Man puts flowers on grave at pet cemetery in Huntington Beach
A man (not Frank Iannaggi) puts flowers on a grave at a pet cemetery REUTERS/Lucy Nicholson

A double amputee is suing for access to the grave of his two-legged cat. Frank Iannaggi, of Ohio, claims new landscape barriers are preventing him from honouring his dead feline.

Mantua resident Iannaggi says he has been a regular visitor at the grave of Yetty, who was born without back legs, since she died in 2011. Iannaggi lost both of his legs from a vascular disease.

The 58-year-old claims Yetty's grave was deliberately laid near a driveway so he could view it without getting out of his car. But a plot of land near the cemetery was recently sold and the new owners have installed barriers preventing him from reaching his cat's final resting place.

"She was just a special animal," said Iannaggi. He claims his daughters rescued Yetty from the woods when she was a kitten. Despite only weighing four pounds she was reported to be very brave.

"The kids brought her back to life," Iannaggi told Akron Beacon Journal . "It was a miracle thing for them."

He has filed a discrimination lawsuit against John and Patricia Roman, the owners of the property that had previously been part of the pet cemetery. He alleges that he is being discriminated against because the Roman's have installed barriers and large mounds of earth that prevent him from seeing or approaching Yetty's grave.

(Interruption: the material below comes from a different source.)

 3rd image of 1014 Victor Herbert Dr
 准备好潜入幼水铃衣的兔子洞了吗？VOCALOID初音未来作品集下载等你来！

"All Frank had to do was drive up and he could see right where his kitten's plot was buried," said Vivian Kloak, the cemetery's vice president and secretary. "He didn't have to get out of the vehicle, didn't have to get his wheelchair out."

"He's the innocent bystander and he's getting hurt in all of this," she said. "To Frank, this cat was an inspiration. He can't even go and mourn the death of Yetty properly because he's being kept away. I just think that's wrong."

The newspaper says the owners and their attorney declined to comment.